The home itself likely dates back to before the 1890s, although village records from the period, Devlin said, are far from complete. In 1895, the estate was owned by a woman named A.A. Osborne; the next owner on record, listed in the 1907-08 phone book, was John W. Holmes, and 15 years later the home had yet another owner. Devlin recalled that for a time in the 1970s and ’80s, it was a rooming house. “We used to see a lot of gentlemen hanging around there who were not that well-off-looking,” she laughed.

In the 1990s the house fell into disrepair, and Levy recalled a number of children breaking in and causing trouble — a man on South Marion was the foster father to around nine children, he said, and he would let them run amok.

Devlin, who wrote “A Brief History of Rockville Centre: The Heritage and History of a Village,” said that it’s possible that before Osborne’s ownership, the house belonged to, or was built by, the Davison family. The head of the family during that period, John T. Davison, was a postmaster, a banker and a local real estate mogul of pioneer stock. He was a charter member of the Bank of Rockville Centre Trust Company and one of the earliest village trustees, who helped to oversee the installation of electric lights and the construction of the water plant. His family also owned the Davison Mill and Davison Shipyard in East Rockaway.

Davison is best remembered, however, as the “Father of Park Avenue.” As the head of the South Side Realty Company, he built hundreds of residential and a number of commercial buildings in the village, some of which still line Park Avenue today. Devlin said it is likely that Davison Place is named after him — and also that he built most of the historic houses on that block.

Rockville Centre is full of historic homes. Morris Avenue has a number of them, including one that belonged to former Mayor Edwin G. Wright, and State Sen. Dean Skelos used to live in the Anthony and Phoebe DeMott house on Hempstead Avenue. Devlin lives in one of a number of “catalogue houses” built in the 1920s by companies like Sears, Roebuck and Montgomery Ward; property owners would build a foundation and select a style from a catalogue, and companies would send all the needed parts, from the lumber to the nails, to the building site via railroad.
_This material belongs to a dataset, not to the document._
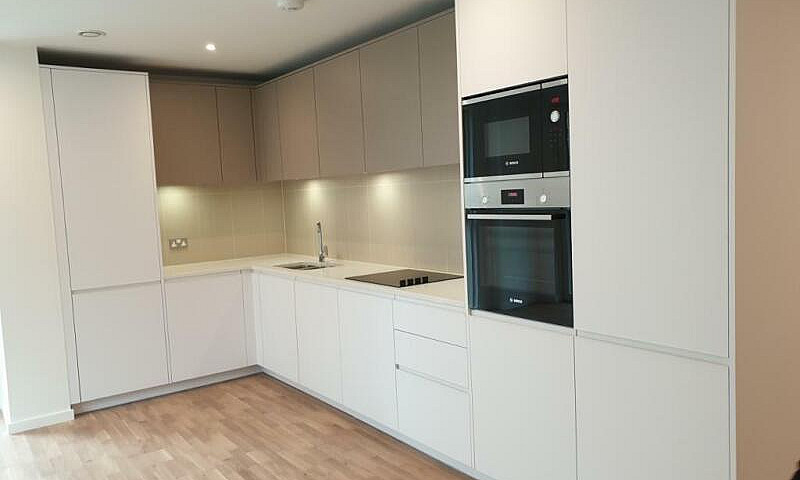 3 Bedroom Flat In Me...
Several of the houses still stand on Powell Avenue.

Preservationists wonder, then, why the village does so little to save these buildings. “A lot of people do ask about their homes and the history of their homes,” said Devlin. “If we could get it out there and just have people contact us.”
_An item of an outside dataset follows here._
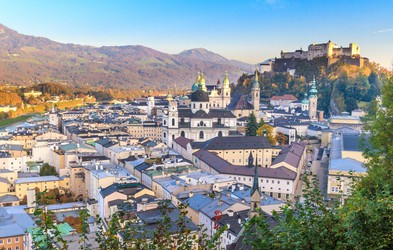 Salzburg - zakaj morate to mesto obiskati tudi poleti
Devlin said she believes that if a preservation committee were formed, it would flourish, populated by history buffs and fans of the old-time residential feel of traditional Colonial- and Victorian-style homes. Any who are interested, she added, should call the Phillips House at 678-9201.

“The track of history is very important, to know where we started and where we’ve come,” Levy said. “I think it’s important that the village take an active role in trying to maintain the flavor of the village. Otherwise it’s going to become another type of village.”

Levy later added that although homes like the one at 21-31 Davison Place do need work, the fact that they still stand today is a testament to their quality. “Even in its poorest conditions, that house has stood from 1895,” he said. “The house was built to last, and it has. As much as it’s been beat on.”

A few days after the Jan. 13 board meeting, Mayor Francis Murray made it clear that he took the call for preservation seriously. He called Dan Casella, the village’s building superintendent, and asked to see if the owner of the Davison Place property would grant a stay on demolition. The home promptly went on the market for $700,000. Shortly afterward, Levy took his tour of the building, and found himself wishing he had done so years before.

“I could have looked at that old house, even when it was in poor conditions, and I could have seen potential,” he said.